Traffic Analysis Dashboard

Network Traffic Analyzer dashboards enable you to view, analyze, and share current and historic traffic and network performance patterns. This rich feature set enables you to leverage built-in and custom dashboards and NOC views, on demand or scheduled reports, report data export and scheduled report distribution (such as sending a daily report by way of email), advanced filtering, and much more.

Important: Report detail and precision (for NTA characteristics that are measurable) can depend on the NTA data collection interval and how long you choose to retain raw data. For more information, see the section titled Choosing the Right Level of Detail and check your data collection interval from the SETTINGS menu > Network Traffic Analysis > NTA Settings dialog.

Tip: If you are using Network Traffic Analyzer for the first time, check the topic titled Before You Begin to find active or ready-to configure flow sources already on your network.

Select Observation Source, Time/Date Ranges, and Filters

Choose sources...	Choose date/time range...	Reduce, focus, and scope with filters...	Add reports...	Add new view...
/ /	/

Use Built-in Views or Create Custom Views

The Traffic Analysis dashboard provides three operational views, each with its own suite of reports, charting, graphing along with endpoint, application, and keyword filtering rule sets. Advanced filtering, time range, and grouping by IP address, location and more make NTA a very powerful decision support, forensic, and root cause analysis solution.

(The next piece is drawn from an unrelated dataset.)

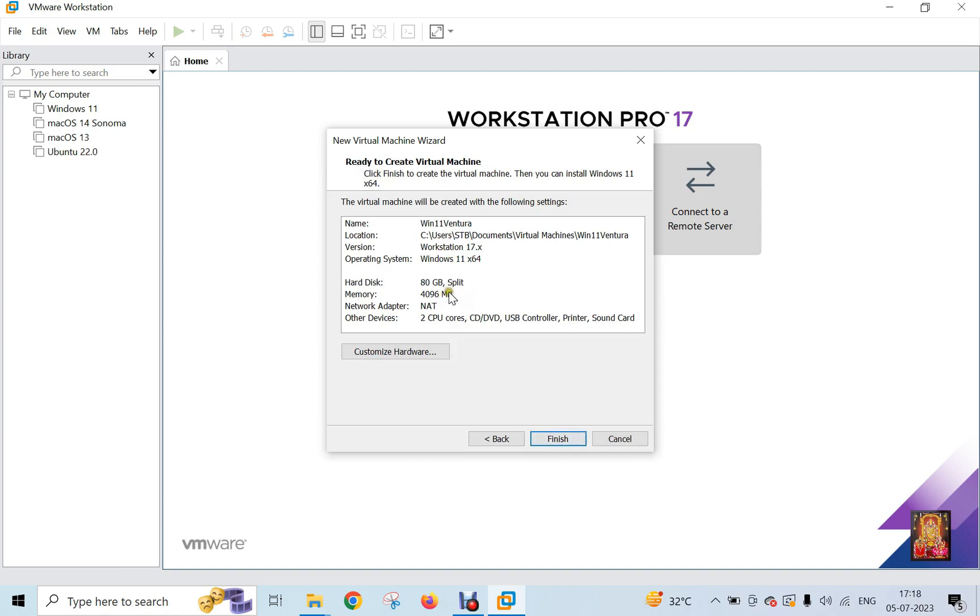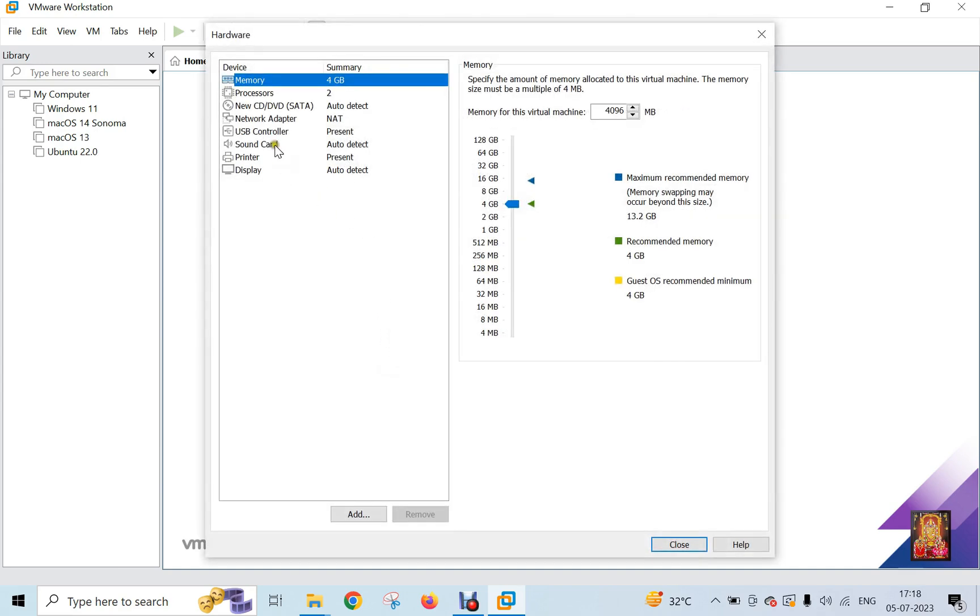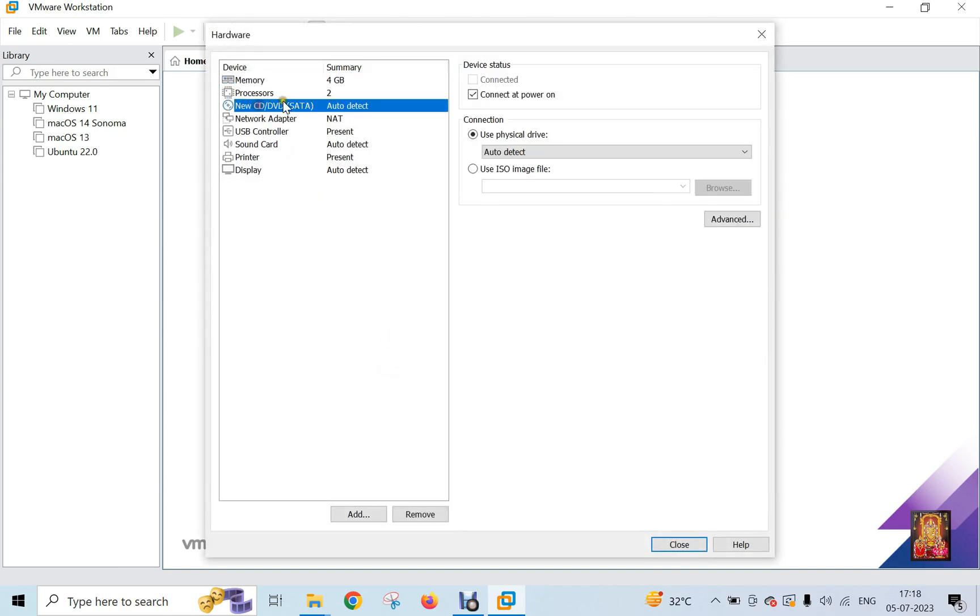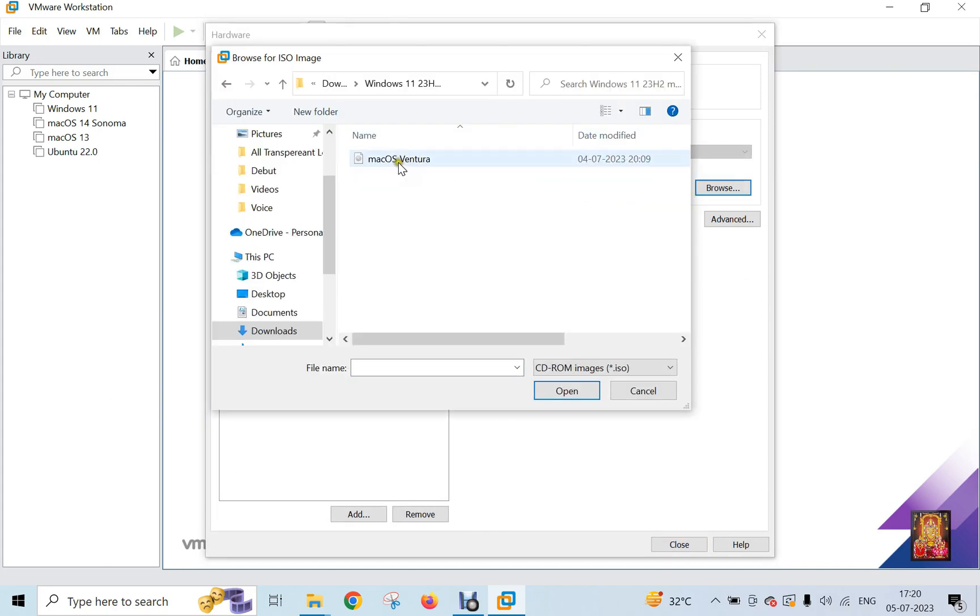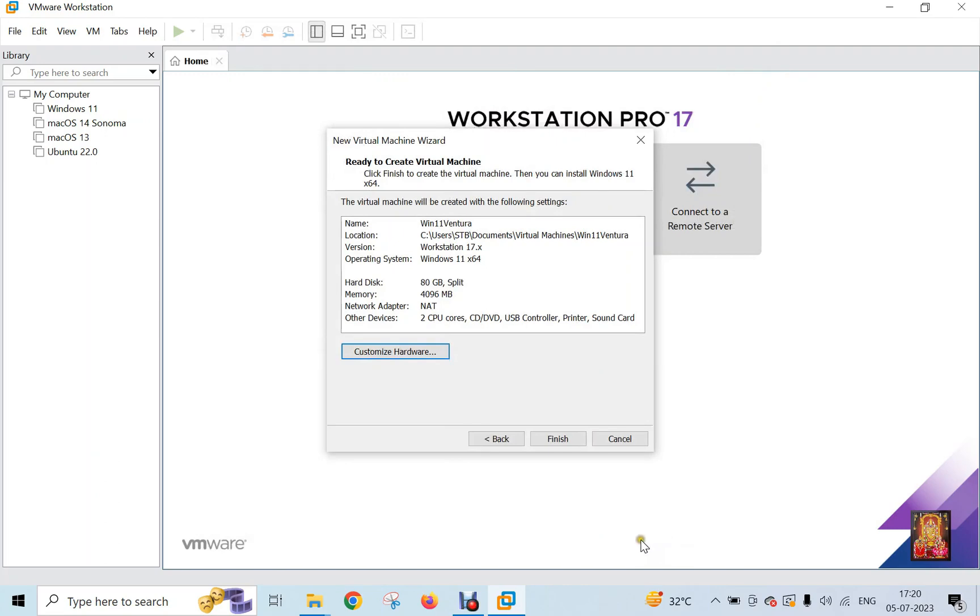Click Next. This is our virtual machine configuration. Click on Customize Hardware. Click New CD-DVD SATA. Click Use an ISO image. Click Browse. Select Windows 11 Ventura ISO. Click Open. Click Finish.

Home. Top n traffic, connections, and bandwidth utilization reports at a glance.
Senders and Receivers. Top n interfaces ranked by incoming and outgoing traffic, geo location, and Internet domain.
Troubleshooting. Top concurrent connections received/initiated, half-open or failed connections received/initiated, and traffic hitting non-standard ports.

Note: You can add custom views with the Add View control () and custom and built-in reports using the Add Reports palette.

Reports

All the reports that can be included in this dashboard are initially column-sorted by traffic totals in bytes (default). You can select the field to sort on in Report Settings .

You can sort reports with respect to traffic totals by either of the following:

Bytes. (Default) Total bytes sent or received. (Sorting by bytes provides a picture of sheer volume and payload.)
Packets. Packets sent or received. (Sorting by packets can provide a view of most active channels.)
Flows. Generated flow summaries. (Sorting by flows can be thought of as sorting by connections.)

Tip: Having a large number of connections (flows) can be an indication of a security issue.

When changing the chart, reports automatically change the variable used for the units. When you adjust the 'sort by' column attribute, the rows sort in descending order according to the data values found in the sort by column. For example, the following table sorts by packets. ("Megapackets" is shown in the report included below.)

Top Applications Report with Packets Selected as the Sort by Field and Rate Shown in Kilopackets per Second

Tip: It is best practice to include the sort by field columns in the grid (packet rate or flow rate), otherwise, the grid might seem to be unsorted.

NTA Report Graphs: Collecting the Right Level of Report Detail

If you display NTA report data using a line graph, the level of detail revealed by the graph depends on how much raw or hourly data is retained according to NTA Settings. This characteristic applies to line graph reports that reveal either Flow, QoS, Interface or NBAR traffic data.

When you choose time constraints () for a graphed NTA report, the granularity of time-interval detail revealed in the graph is determined by factors listed in the following table:

Factor	Description
Raw, hourly, and daily data retention policies	The graph always displays data in the highest resolution available in the NTA database (in other words raw or hourly). —Otherwise, the default resolution or archived data is displayed (daily). You can adjust these retention policies in NTA Settings.
Period of time you request for the report (Past 30 Minutes, Today, Past N Days, ...)	If the NTA database does not contain the full set of data for the period you request (for example, because of NTA retention policies or operating time), then the next level of resolution is displayed. You can select the period for the report within the report or dashboard view.
Raw collection interval	The NTA raw Data Collection Interval and raw data collection retention (when you need to scan for minute-by-minute changes). You can adjust the raw collection interval in NTA Settings.